SS / tLog kick-out and rejoin

(gaurav) #1

Hi, I have a few questions on the handling of processes being unreachable from the cluster:

  • What is the protocol/semantics for handling a storage server or a tLog that is unreachable for an extended duration (say minutes or hours to days), and eventually joining back the cluster?
  • How soon will Master/DataDistributor/CC consider the unreachable SS as “dead” and, start extra replication of data after an SS is unreachable?
  • If an unreachable SS process is not specifically excluded via fdbcli, is there any cost paid by rest of the cluster (something like tLogs not popping out mutation, waiting for unreachable SS to come back)?
  • Once the SS comes back alive and tries to join back the cluster (on its own), will the Master/CC recruit it as a fresh SS process and clear its stored disk data, and then give it shards to replicate from other SS nodes?

It would be great to get some more idea about how this aspect is handled by fdb.

(A.J. Beamon) #2

I don’t know the exact numbers, but it’s something on the order of seconds.

If the process is dead, I don’t think there is much difference between excluding it or not.

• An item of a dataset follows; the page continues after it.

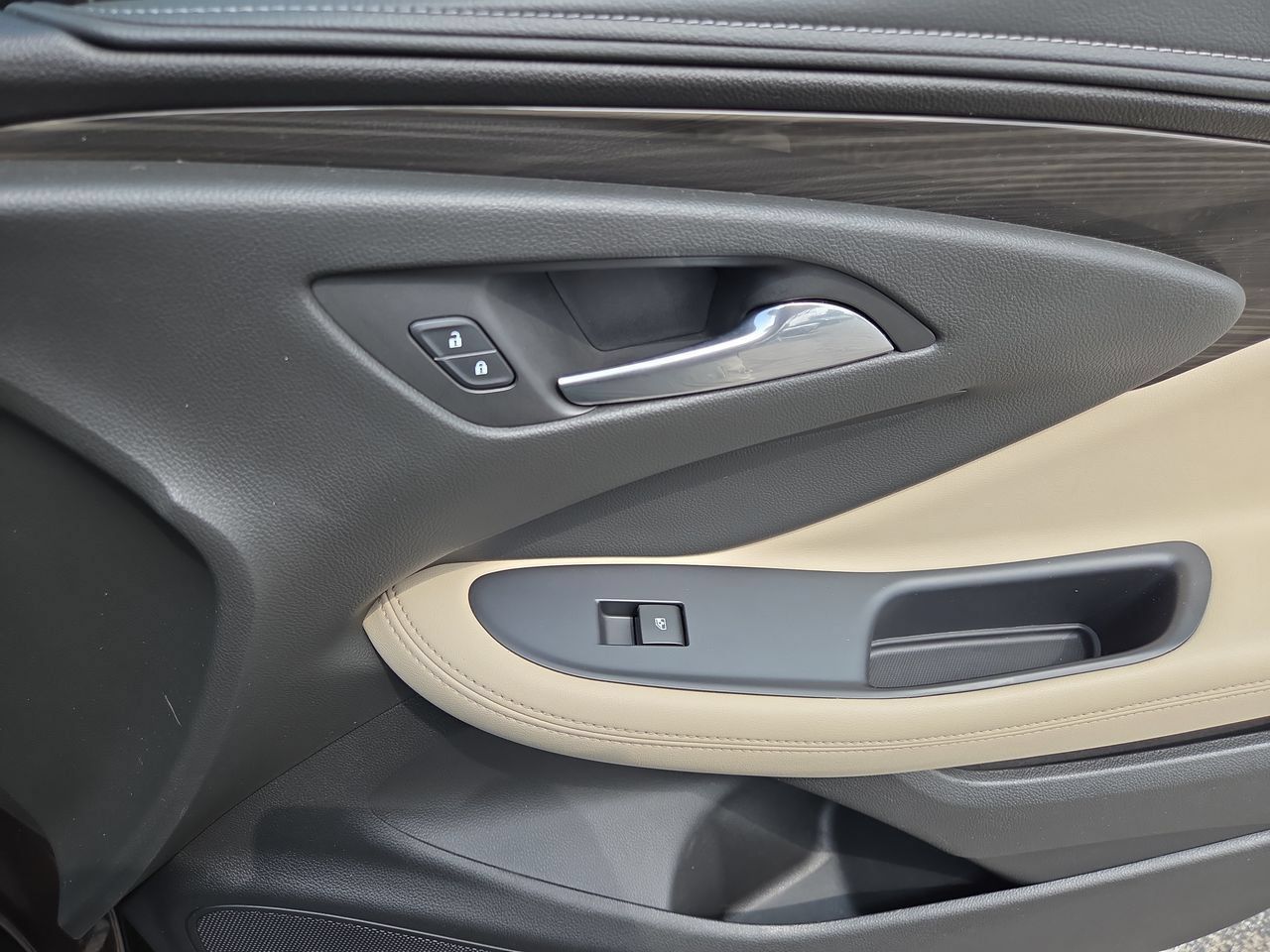 Used 2020 Buick Envision Essence w/ Experience Buick Package AWD/4WD image 21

If the process comes back before it’s fully re-replicated, then the behavior would be different, as the excluded process will continue excluding and the other would rejoin as described below.

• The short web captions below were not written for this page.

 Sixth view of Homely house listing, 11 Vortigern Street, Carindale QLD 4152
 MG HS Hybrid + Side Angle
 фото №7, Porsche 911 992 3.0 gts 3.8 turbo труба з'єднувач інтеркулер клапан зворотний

If all data has been re-replicated, then the data files will be deleted and it will start fresh. Otherwise, the storage server will retain its data files and maintain responsibility for any data that hadn’t yet been re-replicated. It’s possible that this is only a small portion of the original data assigned to that process, in which case much of the file will be unused and have to be reclaimed for reuse.

Additionally, the cluster will attempt to move new data onto this process to replace data that had been moved away in order to keep the logical amount of data stored on each process balanced.

I think this was mostly answered above for the storage server. When this happens to a log or any stateless process, the cluster will perform a recovery and recruit a new transaction subsystem to replace the old one. If a log rejoins before the data in its files is made unnecessary, then it may also participate in the recovery, though I’m not certain on all the details of this. If it rejoins after the recovery from old logs is completed, though, then it too would be able to delete its files.